Document Number: | DXXXXR1 |
Date: | 2020-06-15 |
Author: | Anthony
Williams Just Software Solutions Ltd |
Audience: | EWG |
This paper relates to P1726: Pointer lifetime-end zap and provenance, too. My argument is that in many ways pointers are already treated like bags of bits by the language, so we should be consistent, and treat them as such throughout. A consequence of this is that there can be no "lifetime-end pointer zap".
This paper provides a series of examples. I believe all these examples are clearly defined by the standard due to the fact that pointers are scalar types and trivially copyable types.
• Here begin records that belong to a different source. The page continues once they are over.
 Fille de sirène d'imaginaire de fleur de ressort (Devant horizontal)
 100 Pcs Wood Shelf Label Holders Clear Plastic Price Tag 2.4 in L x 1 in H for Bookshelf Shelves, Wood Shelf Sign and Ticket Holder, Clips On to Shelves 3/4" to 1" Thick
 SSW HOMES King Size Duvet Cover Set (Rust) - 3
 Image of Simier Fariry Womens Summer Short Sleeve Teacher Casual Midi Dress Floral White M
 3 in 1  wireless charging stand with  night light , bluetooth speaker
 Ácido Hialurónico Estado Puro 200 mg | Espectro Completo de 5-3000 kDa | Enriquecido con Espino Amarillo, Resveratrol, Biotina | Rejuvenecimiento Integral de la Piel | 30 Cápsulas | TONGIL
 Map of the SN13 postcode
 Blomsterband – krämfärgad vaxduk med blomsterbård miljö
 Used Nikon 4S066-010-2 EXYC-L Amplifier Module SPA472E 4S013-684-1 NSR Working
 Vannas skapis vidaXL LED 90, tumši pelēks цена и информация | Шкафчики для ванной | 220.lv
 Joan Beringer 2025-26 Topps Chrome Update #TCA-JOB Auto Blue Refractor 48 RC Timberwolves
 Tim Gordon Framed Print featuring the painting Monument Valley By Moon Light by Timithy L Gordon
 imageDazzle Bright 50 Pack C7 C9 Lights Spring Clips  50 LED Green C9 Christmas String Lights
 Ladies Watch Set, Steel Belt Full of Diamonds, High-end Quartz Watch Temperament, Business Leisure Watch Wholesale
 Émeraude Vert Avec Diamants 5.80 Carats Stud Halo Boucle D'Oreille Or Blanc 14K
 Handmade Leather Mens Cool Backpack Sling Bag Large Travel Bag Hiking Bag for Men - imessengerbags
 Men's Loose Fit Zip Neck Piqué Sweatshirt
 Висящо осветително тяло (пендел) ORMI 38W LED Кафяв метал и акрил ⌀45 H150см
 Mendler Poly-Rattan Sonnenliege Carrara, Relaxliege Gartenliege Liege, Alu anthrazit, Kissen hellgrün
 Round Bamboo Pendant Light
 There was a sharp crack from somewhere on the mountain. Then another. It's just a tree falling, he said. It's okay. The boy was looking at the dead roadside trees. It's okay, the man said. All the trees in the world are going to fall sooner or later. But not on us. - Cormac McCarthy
As shown by these examples, the "pointer zap" from the final sentence of
[basic.stc] p4 ( Any other use of an invalid pointer value has
implementation-defined behavior
), and especially note 31 (Some
implementations might define that copying an invalid pointer value
causes a system-generated runtime fault.
) is clearly incompatible
with pointers being trivially copyable types from [basic.types]
p3. Consequently we should either strike that permission from the
standard and require that invalid pointer values are still copyable and
comparable, or we should decide that pointers are not trivially
copyable after all, which would have far reachging
consequences.
All standard references are to the C++ working draft from the 2020-04 mailing: N4861.
All these examples have been tested with gcc, clang and MSVC. Links to compiler explorer are provided for each example.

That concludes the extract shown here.